[DATA EXTRACT Boundary: Start]
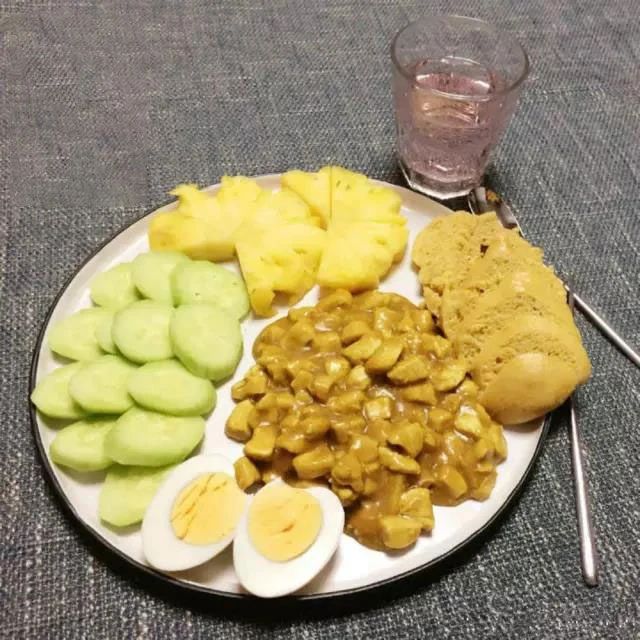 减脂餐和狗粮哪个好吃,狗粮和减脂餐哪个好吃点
[DATA EXTRACT Boundary: End]
[DATA EXTRACT Boundary: Start]
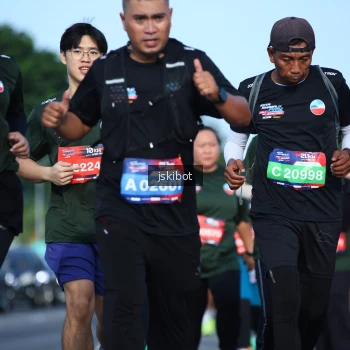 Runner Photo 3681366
[DATA EXTRACT Boundary: End]
[DATA EXTRACT Boundary: Start]
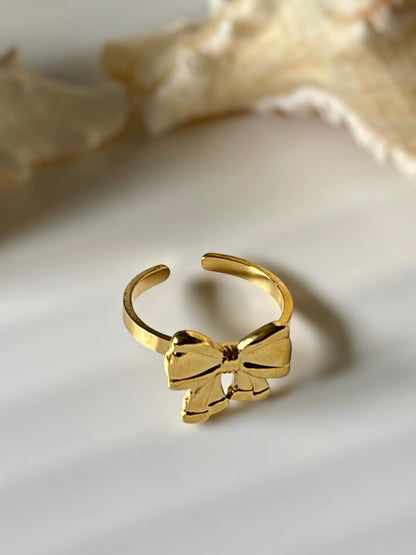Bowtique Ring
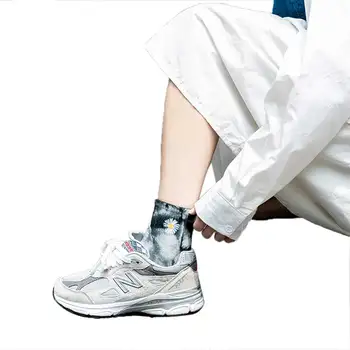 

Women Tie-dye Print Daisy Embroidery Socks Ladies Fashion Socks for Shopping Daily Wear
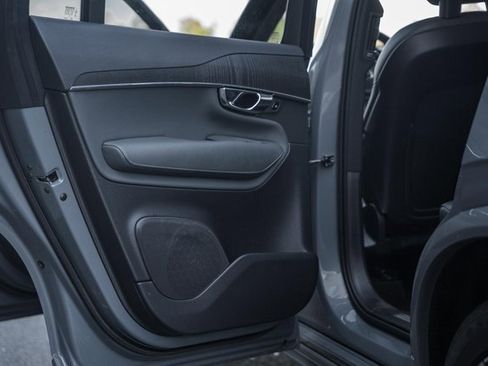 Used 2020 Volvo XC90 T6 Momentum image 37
[DATA EXTRACT Boundary: End]
REQUIRED WORK
Leave the pictures out, and transcribe exactly the lines above starting at the one that contains "Bowtique Ring" and ending at the one that contains "Used 2020 Volvo XC90 T6 Momentum image 37".

SOLUTION FOR THIS PROBLEM
Bowtique Ring

Women Tie-dye Print Daisy Embroidery Socks Ladies Fashion Socks for Shopping Daily Wear
 Used 2020 Volvo XC90 T6 Momentum image 37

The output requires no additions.